Within the records that follow, determine how many lines include the word "Jeep". State the number and nothing further.

### Data shown:
--
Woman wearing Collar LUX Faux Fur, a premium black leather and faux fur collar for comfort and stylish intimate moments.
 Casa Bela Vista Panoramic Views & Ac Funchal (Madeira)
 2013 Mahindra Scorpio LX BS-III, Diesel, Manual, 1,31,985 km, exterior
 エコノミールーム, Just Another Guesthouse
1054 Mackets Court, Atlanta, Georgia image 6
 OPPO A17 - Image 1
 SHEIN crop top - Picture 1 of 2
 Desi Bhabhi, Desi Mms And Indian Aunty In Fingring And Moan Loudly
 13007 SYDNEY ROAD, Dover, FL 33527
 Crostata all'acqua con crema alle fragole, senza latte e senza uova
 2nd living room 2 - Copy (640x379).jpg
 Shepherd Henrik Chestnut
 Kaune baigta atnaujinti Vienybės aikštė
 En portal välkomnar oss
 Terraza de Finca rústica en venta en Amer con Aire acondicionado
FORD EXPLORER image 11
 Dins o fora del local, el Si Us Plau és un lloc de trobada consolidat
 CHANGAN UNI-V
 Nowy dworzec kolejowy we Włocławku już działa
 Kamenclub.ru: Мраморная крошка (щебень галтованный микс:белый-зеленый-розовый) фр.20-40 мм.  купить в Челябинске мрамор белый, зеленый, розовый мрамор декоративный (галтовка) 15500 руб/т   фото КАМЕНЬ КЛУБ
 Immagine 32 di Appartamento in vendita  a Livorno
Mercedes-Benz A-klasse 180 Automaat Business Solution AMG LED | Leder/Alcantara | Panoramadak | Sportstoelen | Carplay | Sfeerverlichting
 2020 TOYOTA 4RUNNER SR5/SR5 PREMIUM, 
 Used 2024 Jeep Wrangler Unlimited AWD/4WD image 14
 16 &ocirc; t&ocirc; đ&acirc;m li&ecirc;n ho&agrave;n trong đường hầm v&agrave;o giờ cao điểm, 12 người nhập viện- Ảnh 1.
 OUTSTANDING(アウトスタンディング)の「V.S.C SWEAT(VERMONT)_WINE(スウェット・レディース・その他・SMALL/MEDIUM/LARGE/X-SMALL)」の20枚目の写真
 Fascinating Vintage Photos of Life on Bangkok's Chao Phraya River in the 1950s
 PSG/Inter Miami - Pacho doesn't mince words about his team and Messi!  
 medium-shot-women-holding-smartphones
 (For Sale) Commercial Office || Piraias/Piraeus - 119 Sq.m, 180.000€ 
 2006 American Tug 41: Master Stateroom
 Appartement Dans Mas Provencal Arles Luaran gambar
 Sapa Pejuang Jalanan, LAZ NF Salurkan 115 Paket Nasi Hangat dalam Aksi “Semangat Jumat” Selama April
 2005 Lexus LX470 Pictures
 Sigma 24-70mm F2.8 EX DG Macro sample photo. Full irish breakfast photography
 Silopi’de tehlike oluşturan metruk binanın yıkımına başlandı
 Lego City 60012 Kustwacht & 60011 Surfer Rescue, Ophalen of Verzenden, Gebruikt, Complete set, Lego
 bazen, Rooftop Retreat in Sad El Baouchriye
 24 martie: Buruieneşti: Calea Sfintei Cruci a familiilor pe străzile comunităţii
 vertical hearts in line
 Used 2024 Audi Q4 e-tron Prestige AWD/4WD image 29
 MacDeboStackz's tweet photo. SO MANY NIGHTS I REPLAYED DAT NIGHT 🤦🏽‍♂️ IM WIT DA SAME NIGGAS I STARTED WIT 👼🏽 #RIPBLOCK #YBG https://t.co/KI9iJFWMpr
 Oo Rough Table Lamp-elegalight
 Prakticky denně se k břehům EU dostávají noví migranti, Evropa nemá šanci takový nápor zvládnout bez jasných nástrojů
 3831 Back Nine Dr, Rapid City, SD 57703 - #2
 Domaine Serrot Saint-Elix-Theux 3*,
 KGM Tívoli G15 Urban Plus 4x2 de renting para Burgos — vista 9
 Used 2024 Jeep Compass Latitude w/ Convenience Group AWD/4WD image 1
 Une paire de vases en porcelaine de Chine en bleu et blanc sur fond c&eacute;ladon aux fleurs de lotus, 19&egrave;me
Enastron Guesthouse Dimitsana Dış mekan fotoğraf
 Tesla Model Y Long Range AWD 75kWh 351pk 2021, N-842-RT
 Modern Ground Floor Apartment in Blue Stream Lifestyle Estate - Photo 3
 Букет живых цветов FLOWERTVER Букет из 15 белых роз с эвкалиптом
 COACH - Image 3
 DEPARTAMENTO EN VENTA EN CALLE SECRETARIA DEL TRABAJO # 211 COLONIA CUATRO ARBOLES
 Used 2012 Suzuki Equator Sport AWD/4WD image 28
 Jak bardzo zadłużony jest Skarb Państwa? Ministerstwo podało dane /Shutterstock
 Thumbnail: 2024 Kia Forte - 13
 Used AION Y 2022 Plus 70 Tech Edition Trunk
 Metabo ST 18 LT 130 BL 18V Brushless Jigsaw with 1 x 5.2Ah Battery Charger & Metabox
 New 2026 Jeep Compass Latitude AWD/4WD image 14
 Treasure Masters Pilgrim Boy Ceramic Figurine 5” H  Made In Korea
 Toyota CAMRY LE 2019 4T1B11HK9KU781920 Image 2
--
### Output of the task:
3